At the ringing of my phone’s alarm my tear watery eyes pried opened. I still sat in the arm chair looking out on the trees in the dim early morning through the screen window, Artie prancing around with on the work table in front of me.

I began to cry when I recalled what I had just felt, and the memories it welled up. It was very painful now to have to think back to such a time in my life, but the saddest part was where things had all gone since then. No, of course, Grant would never see me the way I saw him, but what hurt more was the reality of how I had changed. I hadn’t stayed selfless. I had hurt people, and I regretted the time and energy I had spent during those formative years trying to be true to myself. There is no reward for being yourself. It doesn’t get better.

As the powder blue sky began to bring pale illumination to the forest outside my window I dabbed the tears from my cheeks and quickly jotted down the jist of the dream in my journal.
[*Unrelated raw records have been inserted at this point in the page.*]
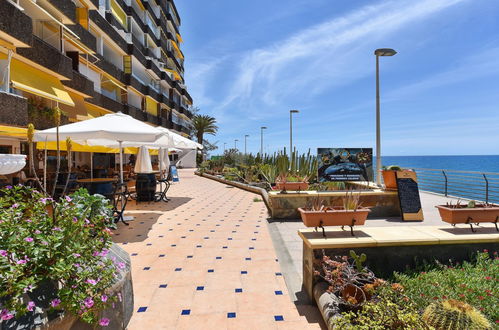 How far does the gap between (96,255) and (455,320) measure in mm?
2997

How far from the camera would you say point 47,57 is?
12.9 metres

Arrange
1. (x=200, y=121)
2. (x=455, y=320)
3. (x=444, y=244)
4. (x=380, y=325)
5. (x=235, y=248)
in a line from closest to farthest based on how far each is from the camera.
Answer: (x=455, y=320) → (x=380, y=325) → (x=444, y=244) → (x=235, y=248) → (x=200, y=121)

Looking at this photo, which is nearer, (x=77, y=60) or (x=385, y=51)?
(x=385, y=51)

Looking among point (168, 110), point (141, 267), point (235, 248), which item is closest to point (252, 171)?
point (235, 248)

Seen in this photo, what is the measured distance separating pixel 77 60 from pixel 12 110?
854cm

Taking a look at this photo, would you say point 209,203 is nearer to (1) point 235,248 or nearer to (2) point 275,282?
(1) point 235,248

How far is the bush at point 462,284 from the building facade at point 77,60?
12.0m

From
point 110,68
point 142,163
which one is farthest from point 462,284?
point 110,68

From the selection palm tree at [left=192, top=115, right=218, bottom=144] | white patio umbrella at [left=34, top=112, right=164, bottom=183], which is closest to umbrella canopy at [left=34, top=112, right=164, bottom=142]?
white patio umbrella at [left=34, top=112, right=164, bottom=183]

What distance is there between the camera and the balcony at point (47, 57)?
1201 centimetres

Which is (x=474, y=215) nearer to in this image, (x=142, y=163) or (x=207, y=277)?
(x=207, y=277)

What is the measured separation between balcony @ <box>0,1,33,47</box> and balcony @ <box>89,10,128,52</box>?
970 cm

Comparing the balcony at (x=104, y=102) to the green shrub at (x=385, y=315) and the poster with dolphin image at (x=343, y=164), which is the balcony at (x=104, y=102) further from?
the green shrub at (x=385, y=315)

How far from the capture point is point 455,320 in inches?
83.6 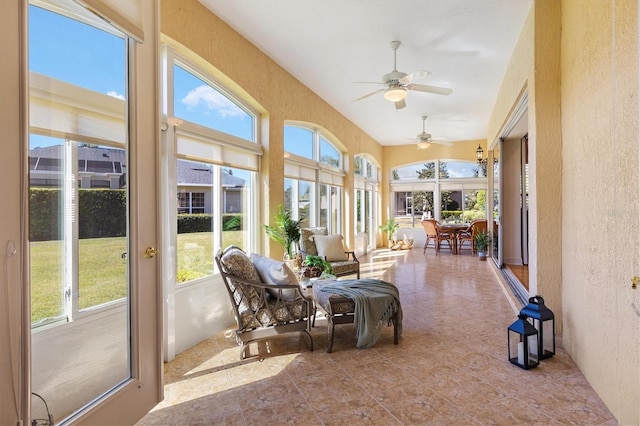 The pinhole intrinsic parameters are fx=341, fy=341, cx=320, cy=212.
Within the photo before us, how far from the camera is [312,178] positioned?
22.1ft

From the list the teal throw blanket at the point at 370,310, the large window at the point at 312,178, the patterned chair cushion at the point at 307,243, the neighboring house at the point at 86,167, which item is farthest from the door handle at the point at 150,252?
the patterned chair cushion at the point at 307,243

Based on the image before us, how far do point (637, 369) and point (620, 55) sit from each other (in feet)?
5.95

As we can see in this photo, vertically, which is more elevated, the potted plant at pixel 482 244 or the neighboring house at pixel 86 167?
the neighboring house at pixel 86 167

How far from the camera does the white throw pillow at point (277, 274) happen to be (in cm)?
314

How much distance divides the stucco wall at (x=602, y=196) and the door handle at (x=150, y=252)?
105 inches

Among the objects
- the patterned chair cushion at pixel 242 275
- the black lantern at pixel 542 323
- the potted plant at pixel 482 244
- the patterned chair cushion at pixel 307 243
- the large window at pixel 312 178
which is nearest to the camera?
the black lantern at pixel 542 323

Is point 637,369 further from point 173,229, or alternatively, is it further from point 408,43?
point 408,43

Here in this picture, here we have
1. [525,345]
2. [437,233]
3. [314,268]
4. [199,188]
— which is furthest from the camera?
[437,233]

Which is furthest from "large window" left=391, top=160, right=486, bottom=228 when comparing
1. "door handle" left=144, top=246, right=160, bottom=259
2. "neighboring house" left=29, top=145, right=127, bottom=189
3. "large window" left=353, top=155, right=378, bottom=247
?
"neighboring house" left=29, top=145, right=127, bottom=189

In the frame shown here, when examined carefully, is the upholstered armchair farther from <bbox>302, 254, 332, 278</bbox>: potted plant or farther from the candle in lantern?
the candle in lantern

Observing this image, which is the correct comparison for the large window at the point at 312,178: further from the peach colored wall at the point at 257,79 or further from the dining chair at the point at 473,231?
the dining chair at the point at 473,231

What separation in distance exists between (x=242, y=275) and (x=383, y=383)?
147cm

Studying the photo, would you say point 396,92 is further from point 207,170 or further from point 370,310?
point 370,310

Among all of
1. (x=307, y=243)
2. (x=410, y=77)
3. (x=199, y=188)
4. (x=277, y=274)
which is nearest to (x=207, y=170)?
(x=199, y=188) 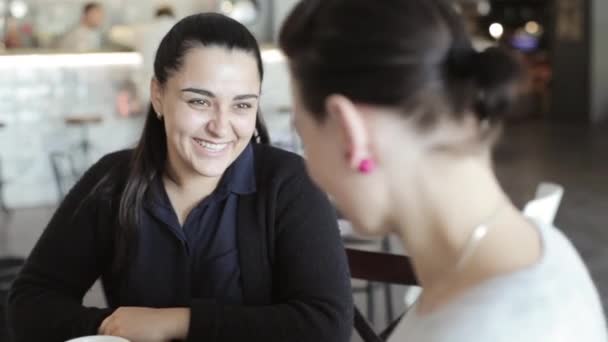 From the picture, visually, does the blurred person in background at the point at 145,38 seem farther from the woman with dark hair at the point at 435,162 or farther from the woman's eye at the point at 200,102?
the woman with dark hair at the point at 435,162

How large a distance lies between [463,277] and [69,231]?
3.30 feet

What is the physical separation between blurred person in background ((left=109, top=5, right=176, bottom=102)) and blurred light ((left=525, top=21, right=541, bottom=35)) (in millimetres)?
8061

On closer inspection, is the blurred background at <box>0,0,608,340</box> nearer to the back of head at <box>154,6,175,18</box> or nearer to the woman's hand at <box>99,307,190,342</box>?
the back of head at <box>154,6,175,18</box>

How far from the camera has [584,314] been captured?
81cm

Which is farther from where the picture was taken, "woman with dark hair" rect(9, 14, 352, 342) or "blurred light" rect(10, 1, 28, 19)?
"blurred light" rect(10, 1, 28, 19)

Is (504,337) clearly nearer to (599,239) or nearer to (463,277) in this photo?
(463,277)

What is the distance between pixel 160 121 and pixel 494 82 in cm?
97

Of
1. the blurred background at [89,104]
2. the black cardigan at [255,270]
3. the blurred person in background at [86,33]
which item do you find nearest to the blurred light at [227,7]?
the blurred background at [89,104]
I guessed that just seeing Grant again the other day must have been what evoked these forlorn aspirations. When I finished I walked to the kitchen and again laid out Artie’s bowl of kibble to distract her while I began the morning’s working.

Today would be one of the most simple and ephemeral parts of the preparation cycle. I cleared off the finished materials from the work bench and withdrew the ritual knife. It was nothing fancy, just a small dagger with a straight symmetrical edge, only just sharp enough to break skin with a great deal of applied pressure.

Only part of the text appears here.